To make things worse, several model organisms (like mice and rats) use archaic naming systems, where there is no notion of allele groups or four/six/eight digit alleles but every allele is simply given a name, such as:

  • "H2-Kk"
  • "RT1-9.5f"

In the above example "H2"/"RT1" correspond to species, "K"/"9.5" are the gene names and "k"/"f" are the allele names.

To make these even worse, the name of a species is subject to variation (e.g. "H2" vs. "H-2") as well as drift over time (e.g. ChLA -> MhcPatr -> Patr).

Serotypes, supertypes, haplotypes, and other named entities

Besides alleles there are also other named MHC related entities you'll encounter in immunological data. Closely related to alleles are serotypes, which effectively denote a grouping of alleles that are all recognized by the same antibody:

  • "HLA-A2"
  • "A2"

Supertypes are functional groupings based on shared peptide-binding specificity rather than serological reactivity (Sidney et al. 2008). These are parsed when the "supertype" keyword is present:

  • "A2 supertype"
  • "HLA-B44 supertype"

Class II heterodimers can be specified using dot notation, which is common in celiac disease literature:

  • "DQ2.5" (equivalent to DQA1*05:01/DQB1*02:01)
  • "DQ8.5"

In many datasets the exact allele is not known but an experiment might note the genetic background of a model animal, resulting in loose haplotype restrictions such as:

  • "H2-k class I"

Yes, good luck disambiguating "H2-k" the haplotype from "H2-K" the gene, especially since capitalization is not stable enough to be relied on for parsing.

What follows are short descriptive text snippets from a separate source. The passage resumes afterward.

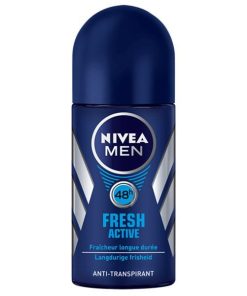 رول ضد تعریق مردانه نیوا (Nivea) مدل Fresh Active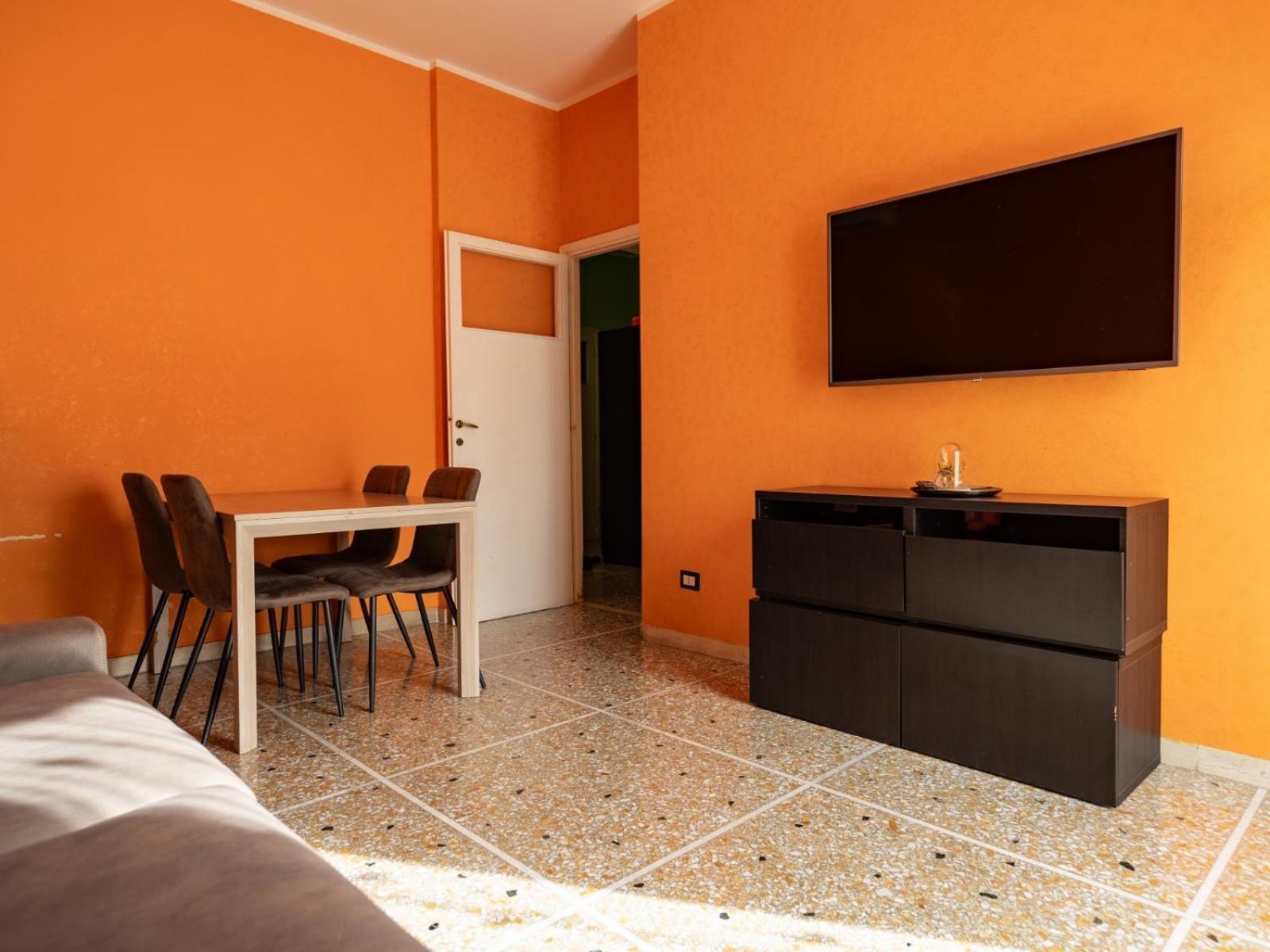 Domus Tuscolana Apartment Rome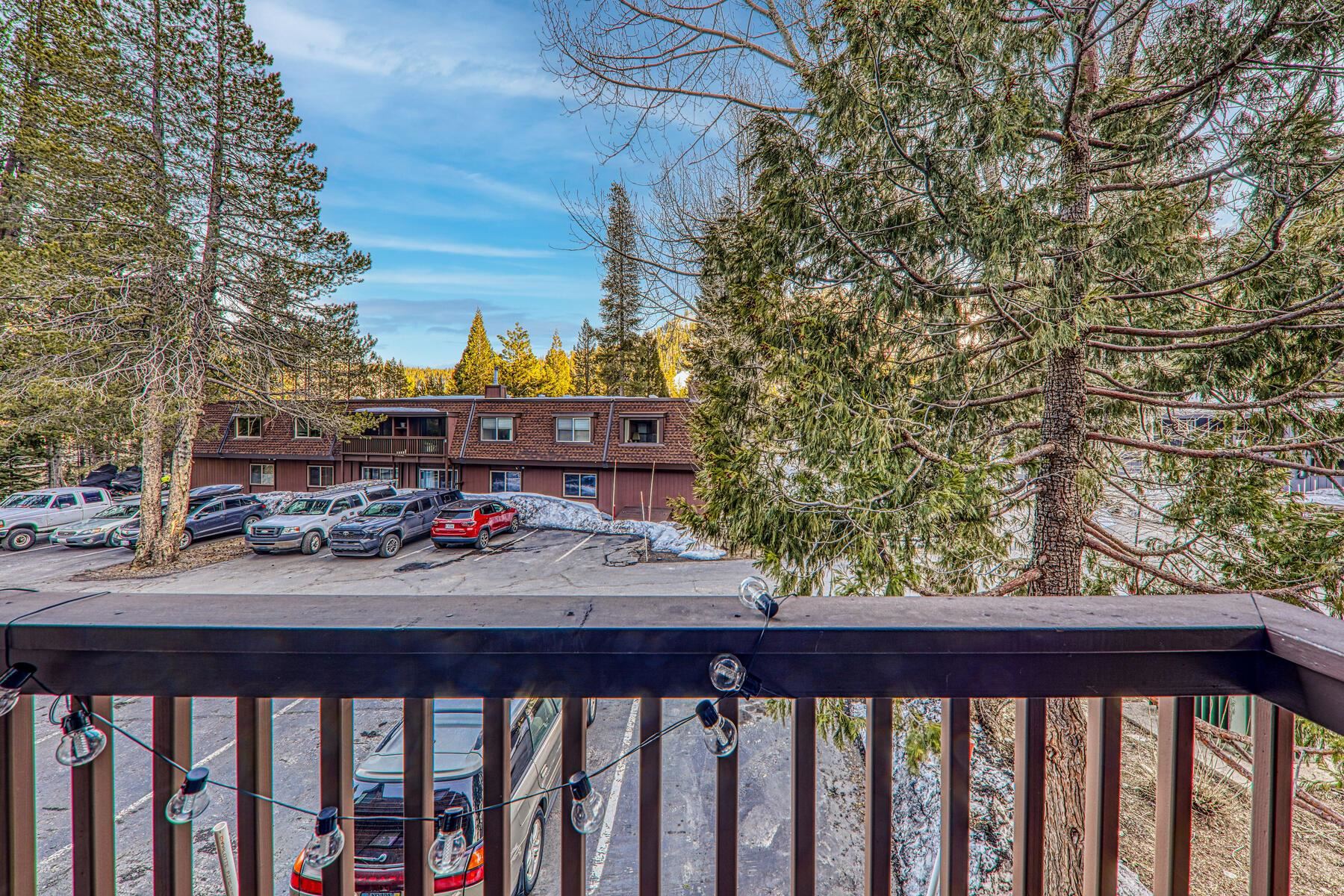 420 Shirley Canyon Road UNIT 29, Olympic Valley, CA, 96146-0000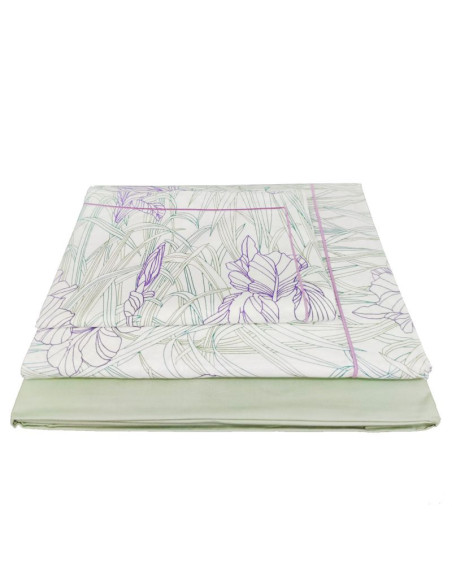 FAZZINI COMPLETO LENZUOLA 1 PIAZZA - MAY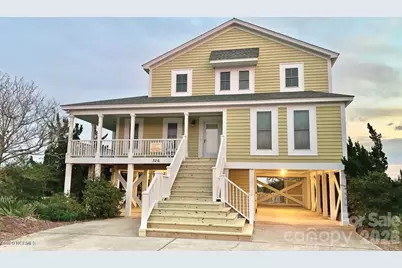 326 Serenity Lane, Holden Beach, NC 28462 - Photo 3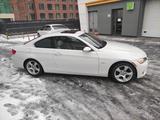 BMW 328 2007 года за 9 500 000 тг. в Алматы – фото 2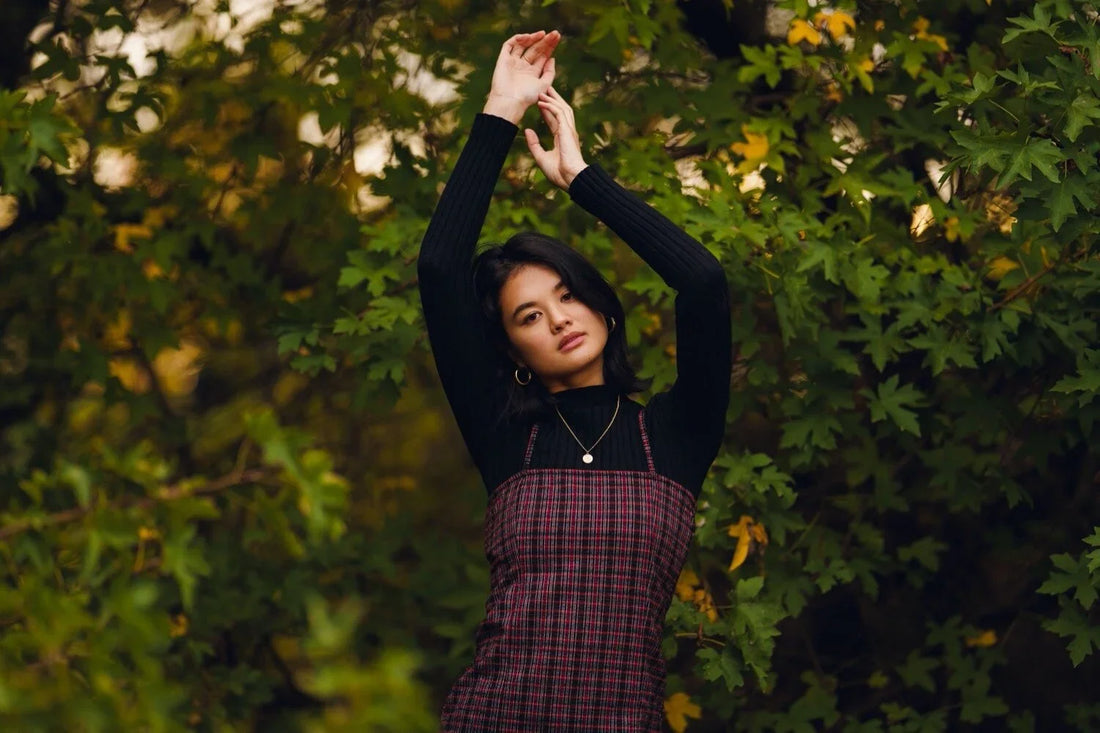Portrait shot on the Sony A7R4 and GM 135mm f1.8, photo 1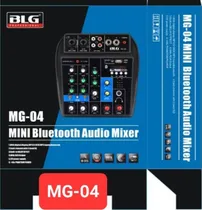  BLG Mesa MG...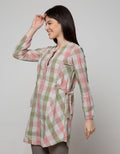 Exit Gaiyla Blouse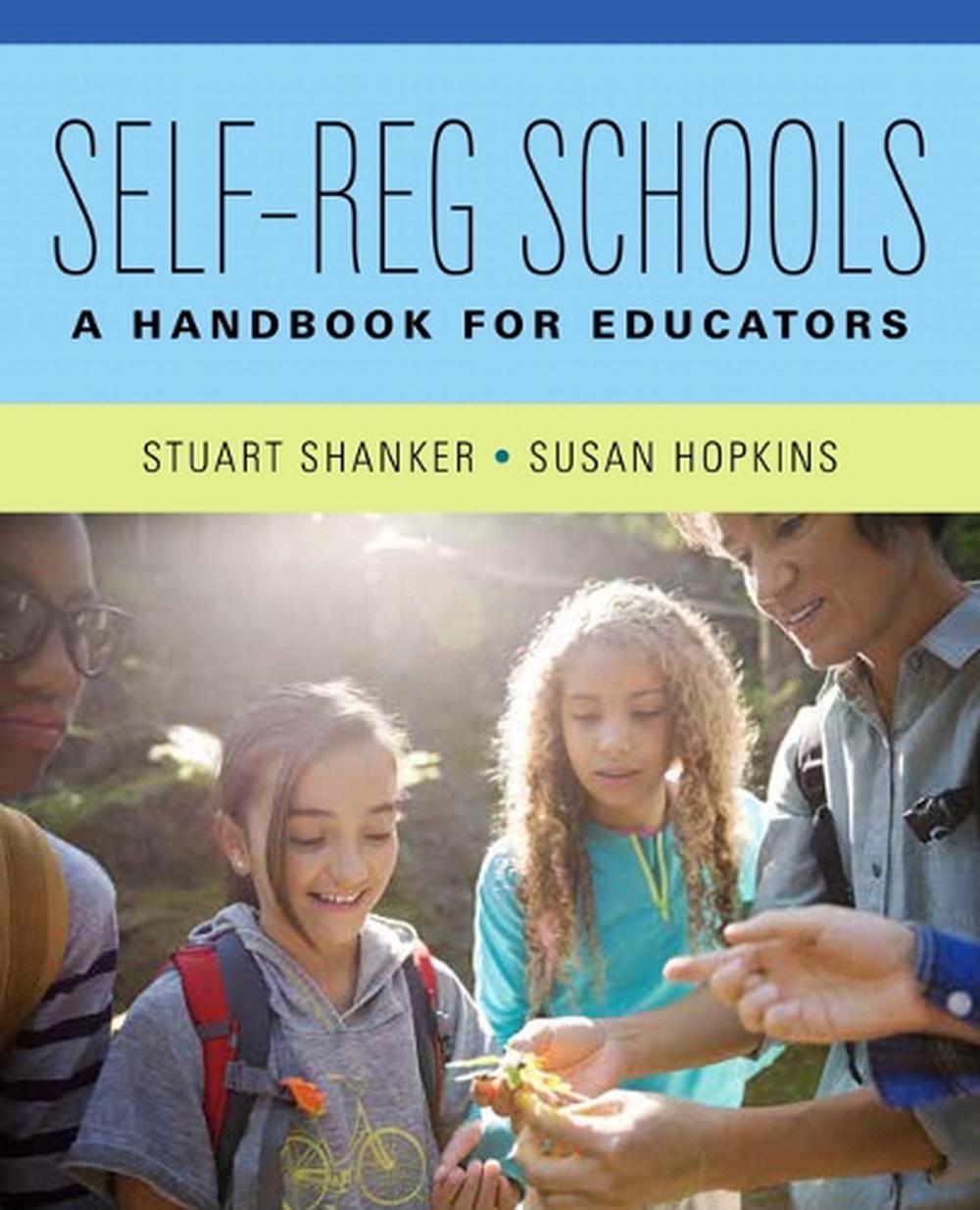 Self-Reg Schools, 9780135175453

In some cases immunological data comes only with a denoted species (e.g. "mouse"), a gene (e.g. "HLA-A"), or an MHC class ("human class I"). MHCgnomes has a structured representation for all of these cases and more.

Parsing strategy

It is a fool's errand to curate all possible MHC allele names since that list grows daily as the MHC loci of more people (and non-human animals) are sequenced. Instead, MHCgnomes contains an ontology of curated species and genes and then attempts to parse any given string into a multiple candidates of the following types:

The set of candidate interpretations for each string are then ranked according to heuristic rules. For example, a string will be preferentially interpreted as an Allele rather than a Serotype or Haplotype.

How many digits per field?

Originally alleles for many genes were numbered with two digits:

  • "HLA-MICB*01"

But as the number of identified alleles increased, the number of fields specifying a distinct protein increase to two. This became conventionally called a "four digit" format, since each field has two digits. Yet, as the number of identified alleles continued to increase, then the number of digits per field has often increased from two to three:

  • "MICB*002:01"
  • "HLA-A00201"
  • "A:002:01"
  • "A*00201"

These are not always currently treated as equivalent to allele strings with two digits in their first field, but that feature is in the works.

However, if databases such as IPD-MHC or IMGT-HLA recorded an older form of an allele, then MHCgnomes can optionally map it onto the modern version (including capturing differences in numbers of digits per field).